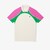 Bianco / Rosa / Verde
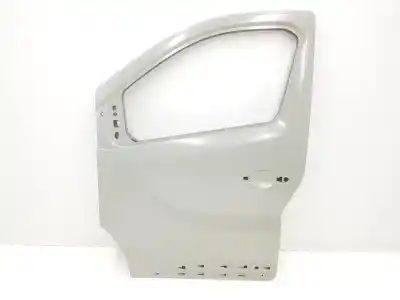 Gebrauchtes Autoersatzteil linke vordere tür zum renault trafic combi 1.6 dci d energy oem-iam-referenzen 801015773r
...
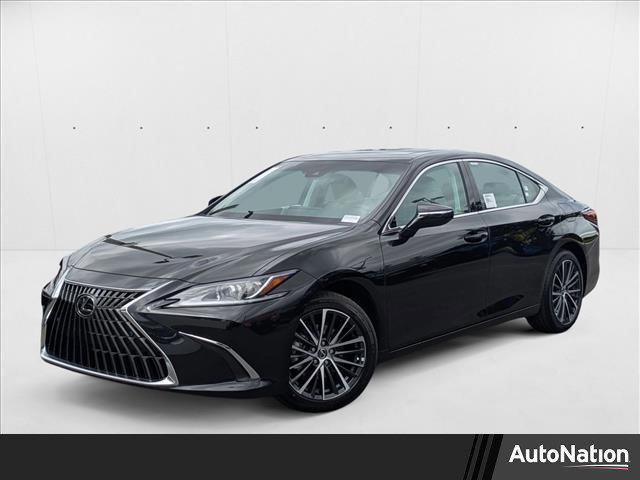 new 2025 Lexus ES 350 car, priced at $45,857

Directions.
Between and including the line above that contains "Bianco / Rosa / Verde" and the line that contains "Gebrauchtes Autoersatzteil linke", restate every line word for word. Pictures stay out.

Task output.
 Bianco / Rosa / Verde
 Gebrauchtes Autoersatzteil linke vordere tür zum renault trafic combi 1.6 dci d energy oem-iam-referenzen 801015773r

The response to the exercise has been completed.